Aim of the task →
Using the listing below, copy every line that mentions "yellow".

Material shown →
►

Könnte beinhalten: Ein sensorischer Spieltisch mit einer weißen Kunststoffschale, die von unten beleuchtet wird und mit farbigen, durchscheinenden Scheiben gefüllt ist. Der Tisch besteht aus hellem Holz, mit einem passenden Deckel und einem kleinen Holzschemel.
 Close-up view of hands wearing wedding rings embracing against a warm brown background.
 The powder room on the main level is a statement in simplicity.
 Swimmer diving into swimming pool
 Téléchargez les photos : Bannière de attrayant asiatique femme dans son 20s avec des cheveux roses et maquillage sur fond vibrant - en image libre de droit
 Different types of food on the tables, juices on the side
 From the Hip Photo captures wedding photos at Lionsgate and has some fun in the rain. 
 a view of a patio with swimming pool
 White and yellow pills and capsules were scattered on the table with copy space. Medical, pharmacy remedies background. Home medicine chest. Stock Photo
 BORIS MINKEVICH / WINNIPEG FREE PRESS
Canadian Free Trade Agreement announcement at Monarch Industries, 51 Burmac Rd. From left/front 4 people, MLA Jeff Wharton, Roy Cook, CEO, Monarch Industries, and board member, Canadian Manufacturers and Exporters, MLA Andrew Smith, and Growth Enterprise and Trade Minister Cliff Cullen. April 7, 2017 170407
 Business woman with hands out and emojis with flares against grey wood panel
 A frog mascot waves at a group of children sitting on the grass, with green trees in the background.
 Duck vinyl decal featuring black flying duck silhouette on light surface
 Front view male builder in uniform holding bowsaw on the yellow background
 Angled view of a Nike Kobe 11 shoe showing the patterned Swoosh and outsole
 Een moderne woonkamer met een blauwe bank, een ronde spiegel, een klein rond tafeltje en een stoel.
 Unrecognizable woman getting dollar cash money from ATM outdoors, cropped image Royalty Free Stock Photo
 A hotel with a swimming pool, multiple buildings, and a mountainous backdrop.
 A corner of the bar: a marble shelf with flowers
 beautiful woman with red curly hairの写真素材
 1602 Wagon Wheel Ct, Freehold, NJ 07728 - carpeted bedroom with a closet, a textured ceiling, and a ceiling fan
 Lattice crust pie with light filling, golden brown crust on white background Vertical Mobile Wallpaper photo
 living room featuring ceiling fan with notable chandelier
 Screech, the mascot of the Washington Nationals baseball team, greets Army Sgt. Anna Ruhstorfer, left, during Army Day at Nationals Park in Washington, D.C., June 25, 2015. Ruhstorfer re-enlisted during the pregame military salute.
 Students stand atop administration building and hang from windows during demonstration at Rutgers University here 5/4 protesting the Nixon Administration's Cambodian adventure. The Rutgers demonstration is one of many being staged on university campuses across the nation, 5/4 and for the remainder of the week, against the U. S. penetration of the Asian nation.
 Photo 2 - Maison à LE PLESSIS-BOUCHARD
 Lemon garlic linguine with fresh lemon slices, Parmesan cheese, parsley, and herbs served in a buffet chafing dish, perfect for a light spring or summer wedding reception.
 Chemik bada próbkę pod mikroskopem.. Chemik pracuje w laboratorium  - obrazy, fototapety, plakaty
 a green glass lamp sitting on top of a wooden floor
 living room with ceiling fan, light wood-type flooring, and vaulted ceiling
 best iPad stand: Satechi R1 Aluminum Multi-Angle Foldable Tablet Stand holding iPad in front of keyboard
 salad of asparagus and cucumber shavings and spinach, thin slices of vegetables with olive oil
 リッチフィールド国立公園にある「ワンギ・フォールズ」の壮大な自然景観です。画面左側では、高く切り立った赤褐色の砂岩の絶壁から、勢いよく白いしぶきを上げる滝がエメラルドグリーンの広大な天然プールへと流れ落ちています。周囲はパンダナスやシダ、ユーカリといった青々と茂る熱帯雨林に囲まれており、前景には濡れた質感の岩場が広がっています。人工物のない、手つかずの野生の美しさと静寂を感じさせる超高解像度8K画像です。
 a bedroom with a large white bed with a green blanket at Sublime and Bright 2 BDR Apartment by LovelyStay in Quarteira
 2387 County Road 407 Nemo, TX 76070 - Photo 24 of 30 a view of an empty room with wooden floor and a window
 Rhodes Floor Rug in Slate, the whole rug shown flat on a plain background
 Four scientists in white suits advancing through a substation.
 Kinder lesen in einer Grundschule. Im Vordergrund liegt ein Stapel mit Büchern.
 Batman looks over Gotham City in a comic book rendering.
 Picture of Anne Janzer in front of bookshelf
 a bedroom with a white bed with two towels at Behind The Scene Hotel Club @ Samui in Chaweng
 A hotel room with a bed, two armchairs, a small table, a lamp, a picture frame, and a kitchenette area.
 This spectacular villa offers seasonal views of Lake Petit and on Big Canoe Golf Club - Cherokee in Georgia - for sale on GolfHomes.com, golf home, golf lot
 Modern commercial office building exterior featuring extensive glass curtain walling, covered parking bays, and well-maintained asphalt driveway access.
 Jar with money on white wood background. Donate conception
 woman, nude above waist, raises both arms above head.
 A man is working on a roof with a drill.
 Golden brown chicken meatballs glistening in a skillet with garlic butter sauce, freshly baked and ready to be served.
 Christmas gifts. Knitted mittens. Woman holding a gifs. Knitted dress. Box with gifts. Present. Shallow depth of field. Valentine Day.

◄

Task result →
 White and yellow pills and capsules were scattered on the table with copy space. Medical, pharmacy remedies background. Home medicine chest. Stock Photo
 Front view male builder in uniform holding bowsaw on the yellow background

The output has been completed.